One such ARP plant is a new 300-megawatt combined cycle natural gas generator in St. Lucie County, which was built concurrent with the decommissioning of Ft. Pierce’s riverfront power plant. The same employees who once operated Ft. Pierce’s power plant now run the ARP’s new Treasure Coast Energy Center.

As a member of the ARP, Vero Beach turned over control of its power plant.  From the beginning, the road was rocky, with Vero Beach officials believing the city was getting the short end of the deal.

Rather than using the City’s power plant to help meet the ARP group’s base load, FMPA operators chose to use it to meet peak demands.  Powering the generators up and down frequently and for short periods proved inefficient and expensive, resulting in losses to the city.

In 2004, Vero Beach gave the required five-year notice to reduce its commitment to the ARP to what is known as a contract rate of delivery (CROD). Rather than reducing its commitment to a CROD, Vero Beach could have chosen to withdraw from the ARP, a move that would have required only three years notice. Instead, the city chose to remain a member of the ARP, reducing its commitment to a minimum draw.

Determining a city’s CROD, or minimum power purchase commitment, involves a complicated equation which is calculated on the last day of the five-year notice period, and is based on a city’s peak load during the final year.  In Vero Beach’s case, after carefully managing its power consumption during 2009 to keep it below 212.5 megawatts, the City’s CROD was fixed at zero as of January 1, 2010.

In 2006, two years after Vero Beach gave notice it would reduce it commitment to the ARP to a CROD, the FMPA entered into interest rate swaps for some $700 million it planned to borrow to build a new coal-fired plant in Taylor County.  Then Governor Charlie Crist refused to approve the project, leaving the FMPA stuck with a financing deal that, if settled today, could cost its ARP members some $90 million.  Vero Beach’s share of the loss would be approximately $11 million.  The FMPA has until September 30, 2015 to find some solution that could either reduce or eliminate the loss.

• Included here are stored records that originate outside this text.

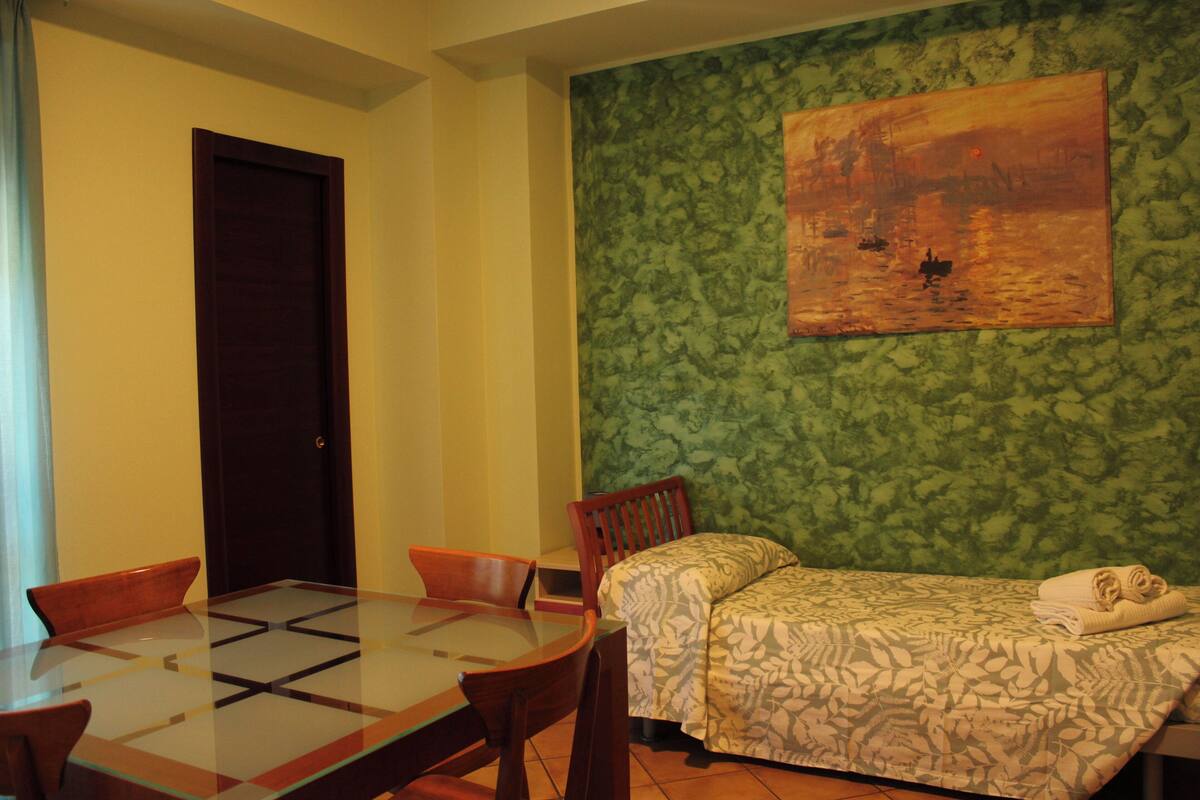A room with a glass-top dining table, wooden chairs, a bed with patterned bedding, and a green textured wall.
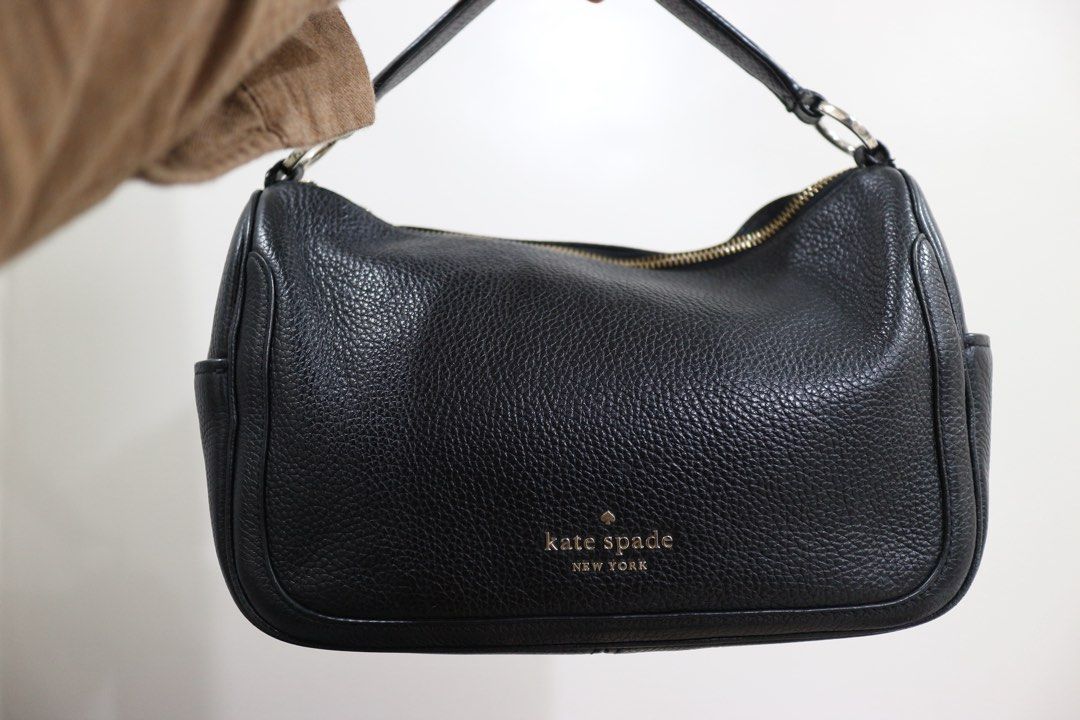 Kate Spade Black Leather Smoosh Crossbody Bag (Category: Cross-body Bags) located in Quezon City. Submitted by juvyjuvydoo (Listing ID 1461728126, Image 2). Description: - Authentic Kate Spade crossbody bag - Color: Black - Material: Pebbled leather - Closure: Zip top - Features: Side pockets, adjustable strap - Ideal for: Everyday wear.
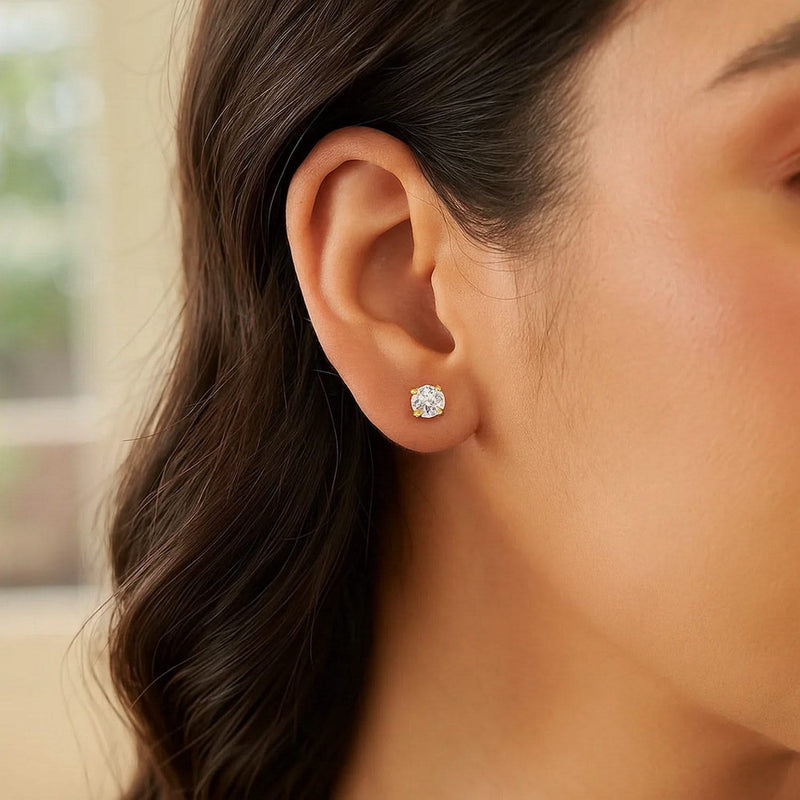 14k Yellow Gold Stud Earrings with White Hue Faceted Cubic Zirconia(4mm) 14K yellow gold stud earrings with 2 faceted cubic zirconia stones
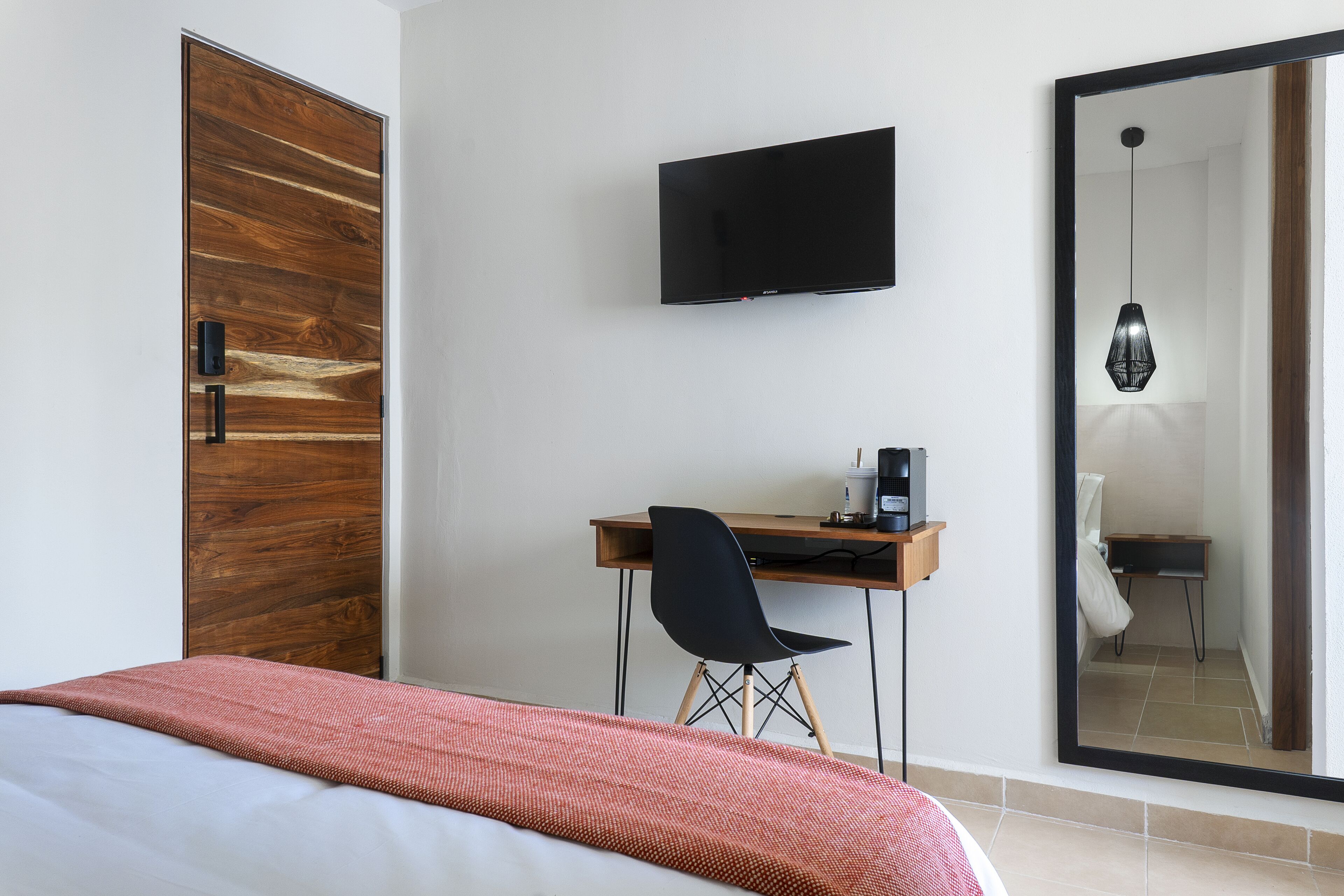 A bedroom with a bed, a desk with a chair, a television, and a large mirror.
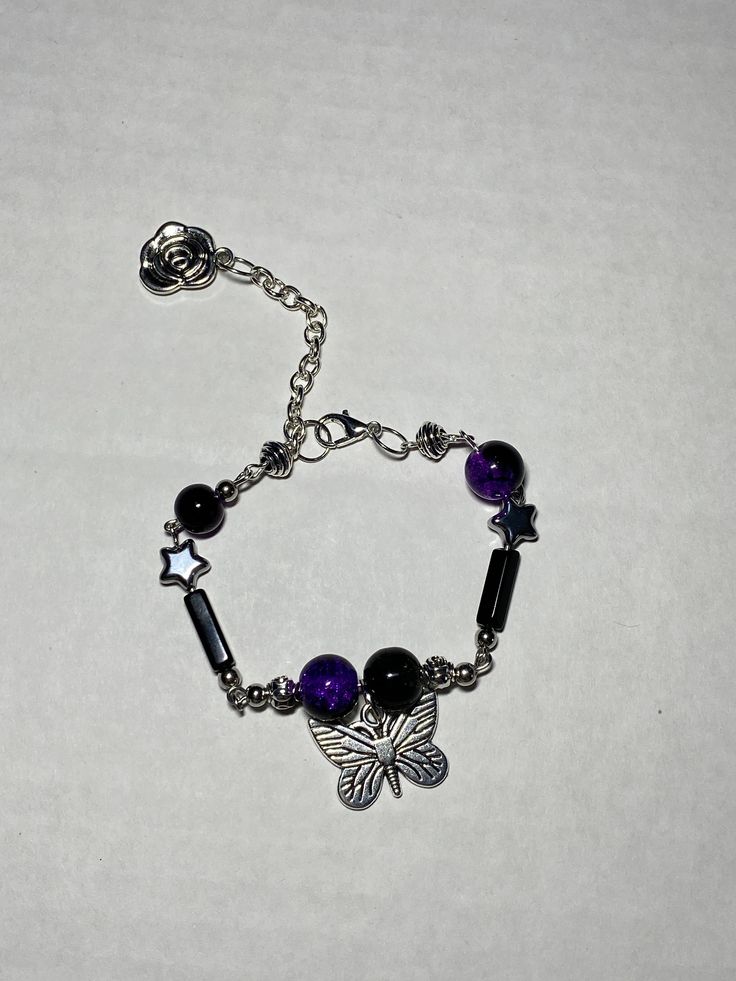 a flowy yet impactful piece, adjustable bracelet, fit for anyone at least 7.5"-8.5". made of glass beads and wire, this would be a perfect gift. Adjustable Metal Bracelet With Butterfly Charm, Adjustable Metal Bracelets With Butterfly Charm, Adjustable Purple Metal Beaded Bracelets, Adjustable Nickel-free Purple Charm Bracelet, Adjustable Beaded Purple Rosary Bracelet, Adjustable Purple Beaded Rosary Bracelet, Adjustable Purple Charm Bracelet, Adjustable Purple Metal Charm Bracelet, Adjustable Purple Metal Crystal Bracelet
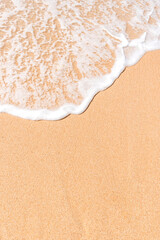 Tropical beach background with soft wave and white sand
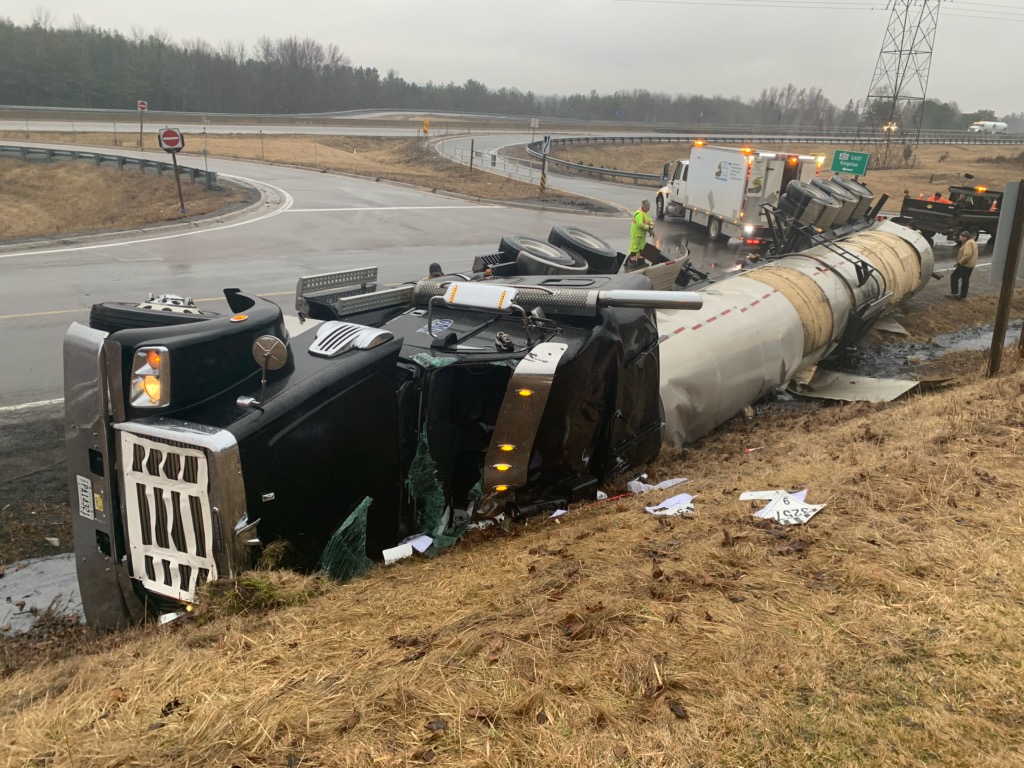 The Palace Road on- and off-ramps are closed after a tractor trailer rolled over, spilling liquid asphalt in the ditch, police say.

If Vero Beach had given notice of its intention to withdraw from the ARP before the Taylor Swaps were negotiated, rather than simply applying to reduce its commitment to a CROD, the City might have a more compelling argument for why it should not share in the liability.

In addition to Vero Beach’s proportionate share in the cost of the Taylor Swaps, there could be other stranded costs, all of which will have to be paid before the City can withdraw from the ARP. As it stands, FMPA officials contend Vero Beach is responsible for all stranded costs that will result from its withdrawal from the ARP.

Finally, because it was late 2012 before Vero Beach gave proper notice of its intention to withdraw from the ARP, the city will remain a member until October 1, 2016.  For the City to leave the ARP sooner it will have to receive a waiver from each of the remaining 14 member cities.